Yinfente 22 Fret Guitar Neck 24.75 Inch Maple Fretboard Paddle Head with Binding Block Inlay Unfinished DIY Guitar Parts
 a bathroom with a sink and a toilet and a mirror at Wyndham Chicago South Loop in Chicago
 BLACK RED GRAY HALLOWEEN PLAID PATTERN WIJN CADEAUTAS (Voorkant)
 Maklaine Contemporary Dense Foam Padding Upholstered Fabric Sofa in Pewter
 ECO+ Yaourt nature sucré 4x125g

_ _ _

Task details.
Everything from the line with "Maklaine Contemporary Dense" through the final line of the entries above must be duplicated exactly; both ends belong, and no other line does.

Solution for this problem.
 Maklaine Contemporary Dense Foam Padding Upholstered Fabric Sofa in Pewter
 ECO+ Yaourt nature sucré 4x125g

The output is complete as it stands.